Derived value Expression
settings.gateway "motherduck" if backend == "motherduck" else "local"
settings.database_path "md:databox" on motherduck, data/databox.duckdb otherwise
settings.raw_catalog_path(name) "md:raw_<name>" on motherduck, data/raw_<name>.duckdb otherwise — pass a source name from databox.config.sources.SOURCES
settings.motherduck_database_names List of every MotherDuck database the stack expects (derived from the source registry)
settings.soda_datasource_yaml Rendered Soda datasource YAML using database_path
settings.sqlmesh_config() A sqlmesh.core.config.Config with both gateways and default_gateway = current backend

Where it's read

  • SQLMeshtransforms/main/config.py returns settings.sqlmesh_config(); SQLMesh auto-discovers this Python config file in place of a config.yaml.
  • Dagsterpackages/databox/databox/orchestration/definitions.py reads settings.backend, settings.gateway, settings.raw_catalog_path(...), settings.dlt_data_dir, settings.days_back(...), and settings.soda_datasource_yaml.
  • Streamlit explorerapp/main.py uses settings.database_path.
  • Data-dictionary generatorscripts/generate_docs.py uses settings.gateway.

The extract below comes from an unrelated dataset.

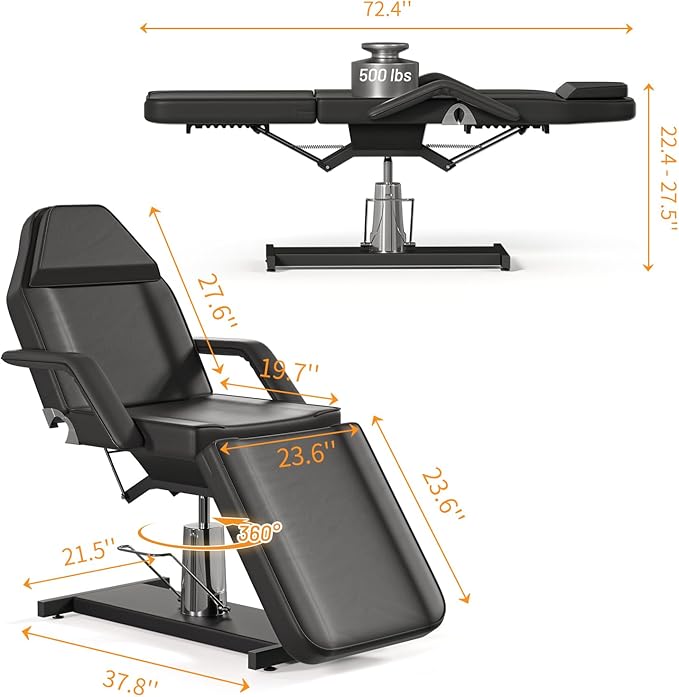 Hydraulic Tattoo Chair Bed for Client Spa Bed with Stool Height Adjustable Facial Beds for Esthetician Chair Aesthetic Treatment Table (Black Hydraulic Tattoo Chair)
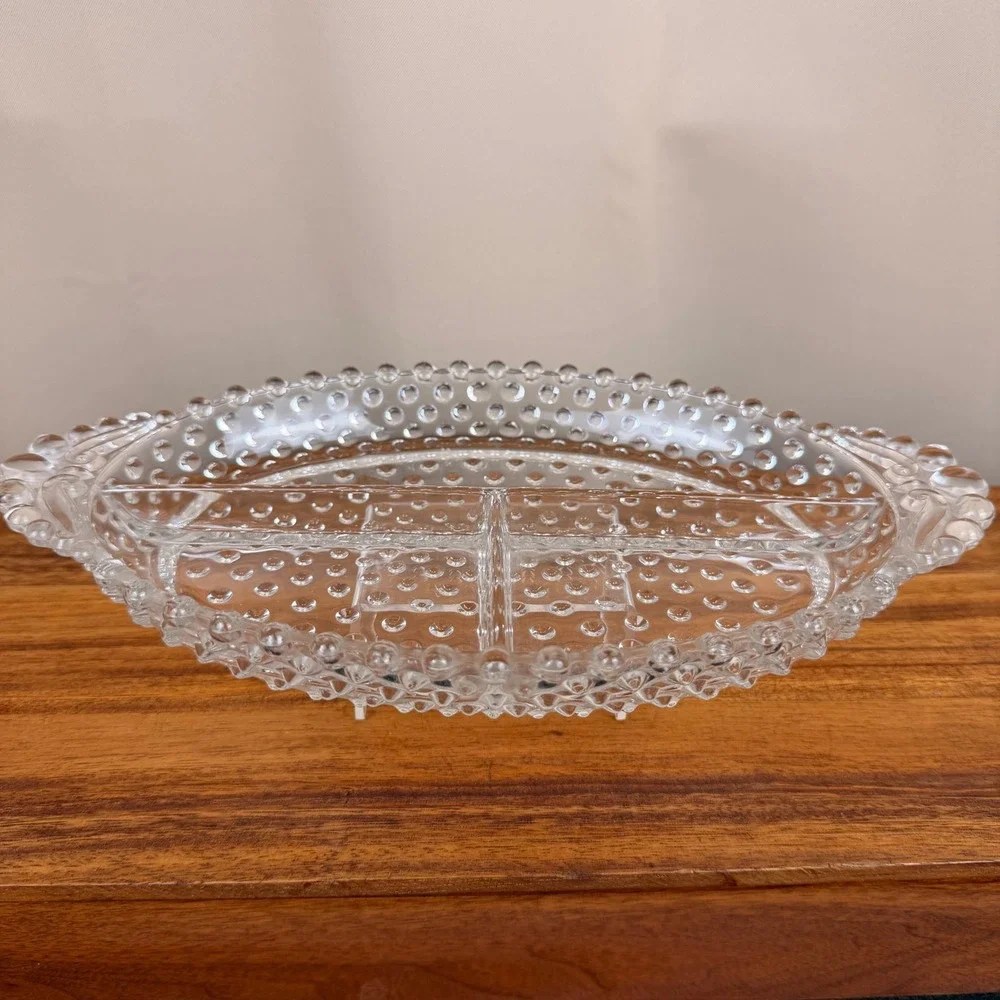Vintage Duncan Miller Clear Hobnail Glass Divided Relish Dish Serving Tray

Out-of-surface configuration

Two classes of config live outside DataboxSettings on purpose:

  • Per-source API tokens (EBIRD_API_TOKEN, NOAA_API_TOKEN) are read at call time in databox_sources/*/source.py. Leaving them on os.getenv lets dlt's own config system and pytest's monkeypatch.setenv work cleanly. Migrating secrets off .env is tracked by ticket:secrets-pluggable.
  • Build metadata in pyproject.toml (package names, deps, Ruff/mypy config) is not runtime config.

SQLMesh state

sqlmesh_config() points SQLMesh at a dedicated state DB (data/sqlmesh_state.duckdb) via GatewayConfig.state_connection, separate from the data catalogs. Both the local and MotherDuck gateways use this local file for state.

Why it's split out:

  • The data-catalog connection loads the h3 DuckDB extension. SQLMesh's state pool opens the same file without extensions, which DuckDB refuses with "Can't open a connection to same database file with a different configuration than existing connections."
  • SQLMesh explicitly warns against using MotherDuck as the state backend for production deployments. Keeping state on a local file satisfies that guidance without adding infrastructure (e.g., a Postgres state store).

task db:reset removes data/sqlmesh_state.duckdb alongside the catalog files so a reset leaves no orphan state.

Switching backends

# Local (default)
DATABOX_BACKEND=local

# MotherDuck
DATABOX_BACKEND=motherduck
MOTHERDUCK_TOKEN=<token>

Flipping DATABOX_BACKEND flips SQLMesh's gateway, Dagster's dlt destinations, and Soda's datasource connection without touching any other file.